So imagine this: you and your buddy walk into a whorehouse. The madame brings out the lineup, and you say to your friend, “Man, I can’t remember the last time I got some pussy!” when suddenly, the madame gets all shitty, tells you that you can’t say ‘pussy’ in the whorehouse, and now you have to leave. Now, if Jizz happened to be the madame, I might get it, as the word ‘pussy’ obviously bothers her. But with that exception, most people would probably use the words ‘ what the fuck?’ at least twenty times during the drive home. Sadly, that was only an analogy to a far more confusing truth.
I was at this head shop the other day (which shall remain nameless) with one of my buddies from out of town. The reason we call it a head shop is because you buy stuff there that ‘takes care of your head.’ This includes pipes, bongs, stash jars, pipe cleaning accessories, you name it. Most also carry t-shirts, incense, all kinds of cool stoner shit, and some even carry golf discs. It’s common assumption that anyone employed at a head shop has to be a stoner, too, and I’ve never found an exception. Anyway, I had been there a few weeks ago and bought a new slider and downstem for Old Blue, the bong featured in trippin’. If you’ve read the feeling a bit blue entry, you can infer that this thing is long overdue for a new bowl, and I figured it had earned it.

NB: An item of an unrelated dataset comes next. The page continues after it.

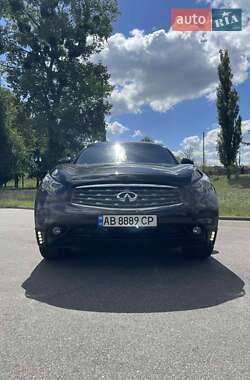 Позашляховик / Кросовер Infiniti FX 30 2011 в Харкові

My friend and I proceeded to the massive pipes and bongs section in the back of the store, and I’m praising their awesome selection of pipes and parts. “Dude, you know that sweet ass blue skull bong I have? I got the bowl and all of that shit for it here, and…” Before I can speak another word, I’m approached by the chick who works there, who, as professionally as possible, says “I’m sorry, but you can’t use that word in here. We won’t be able to sell you any tobacco accessories, and I’m going to have to ask you to leave.”
Now, I know they’re not kidding, but I’m still going to have the ‘what the fuck?’ look on my face for quite some time. Although the head shop has like 2,000 pipes, bowls, and every other piece of paraphernalia you can imagine, having just one of these items on your person could get you a fine or even some minor time, unless maybe it’s still brand new. So, by that logic, they’re assuming a pretty serious risk by doing business, and the only way they could have gotten away with opening to start with is to strictly stick to the story that the items they sell are for tobacco use only. That phrase, actually, is one of the most definitive characteristics of a head shop; if you don’t see a sign that says that, you’re not in one. Crock of shit? Yes, totally, with the possible exception of the hookah shelf. But, it’s all about definitions, and an undercover officer or excise official could always be lurking in the store. So, not only do they have to maintain the façade, but customers do, too. I mean, the dreadlocks, tie-dye, Birkenstocks, and patchouli aren’t indicative at all until you open your mouth, right? The word ‘bong’ almost always indicates marijuana use, where the softer, more technical term ‘water pipe’ does not. So, to do you and your headshop a favor, all you need to do is translate to accommodate them. For example, you greet the guy at the door, and you want to say:
“Dude, I came in and bought that new downstem for this fuckin’ bong I have, and as soon as I got that bitch fitted in, I got ripped as fuck of this killer Lemon Skunk I have. Right on!”
“Hello, sir, nice to see you again. On my last visit, I purchased an accessory for my water pipe. After successfully replacing the old part, I enjoyed some very tasty tobacco, and I thank you for assisting me with my water pipe which I use only to smoke tobacco.”